Stadtbahnbögen

Stadtbahnbogen am S-Bahnhof Hackescher Markt in Berlin
Wiener Verbindungsbogen zwischen Nußdorfer Straße und Friedensbrücke

Als Stadtbahnbögen bezeichnet man die halbrunden Viadukte unterhalb einer städtischen Schienentrasse. Gebräuchlich ist der Begriff in Wien und Berlin.

Inhaltsverzeichnis

Wien

Besonders viele Stadtbahnbögen finden sich auf der ehemaligen Stadtbahnstrecke am West-Gürtel zwischen den Stationen Längenfeldgasse und Heiligenstadt.

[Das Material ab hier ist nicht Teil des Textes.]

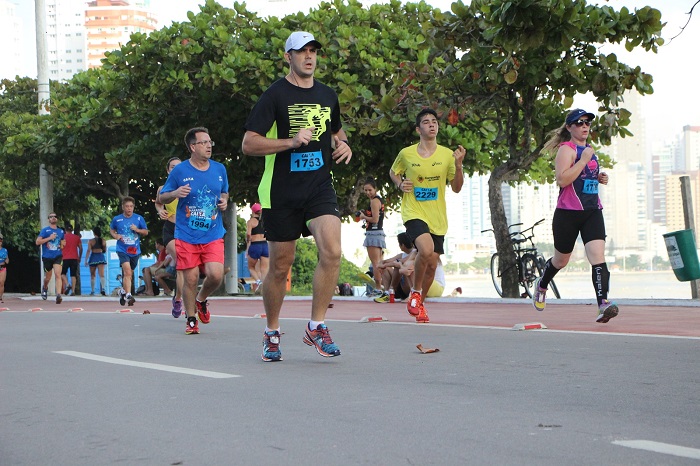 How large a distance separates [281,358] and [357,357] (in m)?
0.53

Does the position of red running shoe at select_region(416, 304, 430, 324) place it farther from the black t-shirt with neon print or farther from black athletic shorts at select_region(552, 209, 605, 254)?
the black t-shirt with neon print

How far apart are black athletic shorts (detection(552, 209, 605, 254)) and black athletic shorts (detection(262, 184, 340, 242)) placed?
3.74m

Ursprünglich befanden sich in den Stadtbahnbögen unzählige Handwerksbetriebe, welche jedoch im Laufe der Zeit verschwanden. Die Stadtbahnbögen standen daraufhin jahrzehntelang leer. Ende der 1990er setzte die Stadt Wien eine Initiative zur Wiederbelebung der Stadtbahnbögen, worauf sich im Bereich des 8. und 9. Bezirks einige Szenelokale und erneut Handwerksbetriebe ansiedelten. Genutzt wurde dabei unter dem Namen URBAN Wien - Gürtel Plus die EU-Gemeinschaftsinitiative URBAN.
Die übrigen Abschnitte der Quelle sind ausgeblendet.